Daha beşinci sayfada Hasan Bülent Kahraman çarptı beni.. James Joyce'su yazmış.. En merak ettiğim yazarlardandır, İrlandalı.. 20'nci yüz yıl dünya edebiyatına yön verdiğini tartışan yok.. Ama okunması en zor yazarlardan biri olduğuna da şüphe yok.. Baş yapıtı Ulysess mesela edebiyat meraklısı herkesin kitaplığında vardır ama kaç kişi bitirebilmiştir?. Ben orijinalini denedim, olmadı. Türkçesini hiç beceremedim. Hasan Bülent'te merakla daldım. Nefis yazmış ama Joyce'u anlamak kadar anlatmak da zor.. Hasan Bülent daha bir kaç yazı yazmalı ki, kafamdaki sorular eksilsin..
Bülent Timurlenk'in "Messi, Arda, Barcelona" ve Bülent Değerli'nin "Futbolun Dart Wader'ı Mourinho" yazılarını tüm spor yazıları, ama onlardan önce sayfalar dolusu sporu yöneten müdürleri okumalı ki, spor yazısı nasıl olur, okur nasıl yazı bekler, bir anlasınlar.. Bu yazıları üç müdür okumuşsa, bileğimi keserim.

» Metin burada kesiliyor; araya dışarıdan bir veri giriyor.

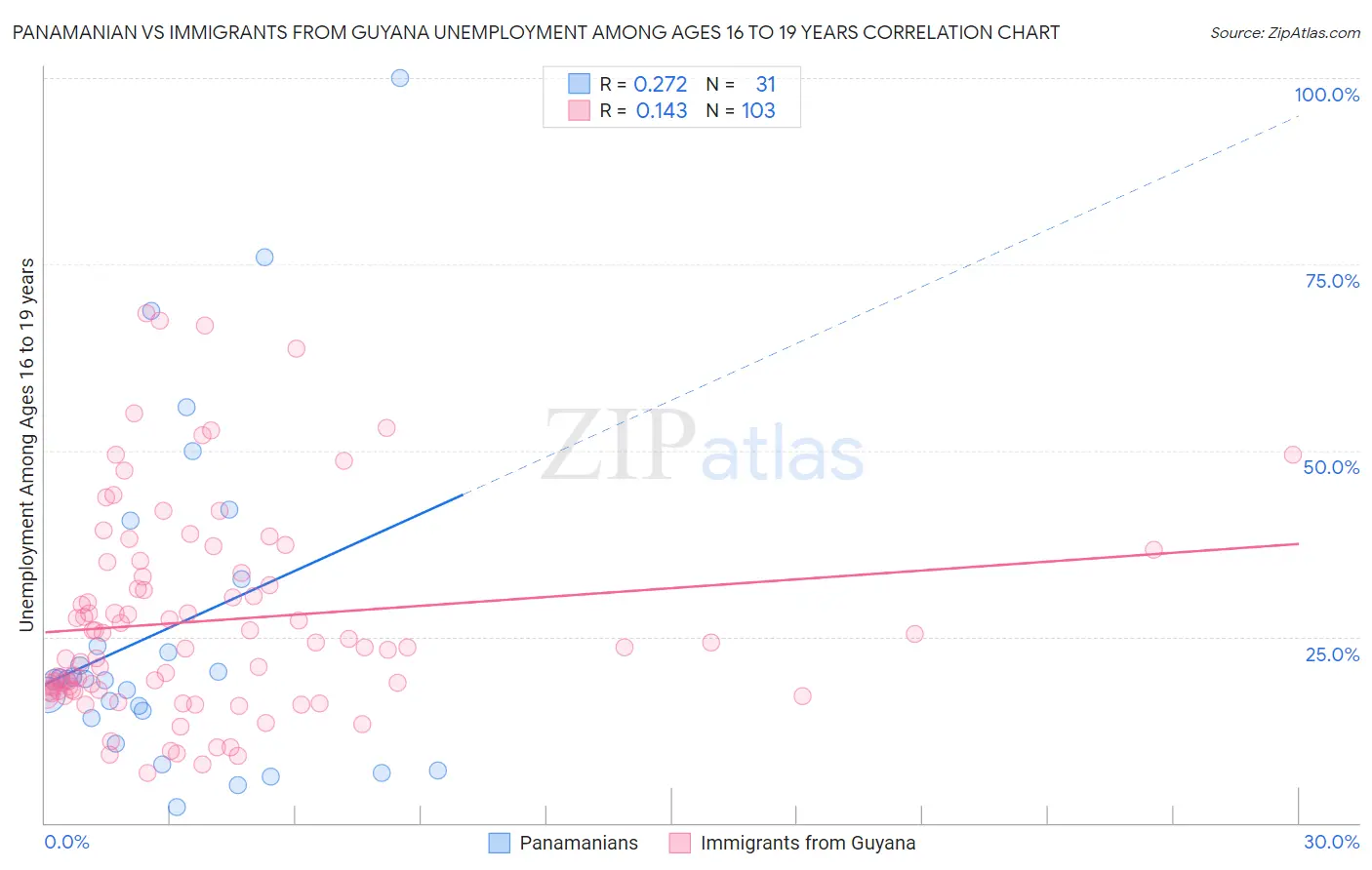 Panamanian vs Immigrants from Guyana Unemployment Among Ages 16 to 19 years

Ersin Kalkan'ın "İzmir'e demiryolunu ve ışığı getiren İskoçlar" yazısı kesilip arşivlenecek güzellik ve özellikte. Büyük dedesi demiryolu inşaatı için İzmir'e gelen ve yerleşen Andrew Simes, ailenin altı kuşaklık hikâyesini anlatırken, o günlerden de müthiş anılar nakletmiş. Eline sağlık Ersin.. Kutlarım bu yazı ve fotoğraflara tam sayfa ayıran Şengül..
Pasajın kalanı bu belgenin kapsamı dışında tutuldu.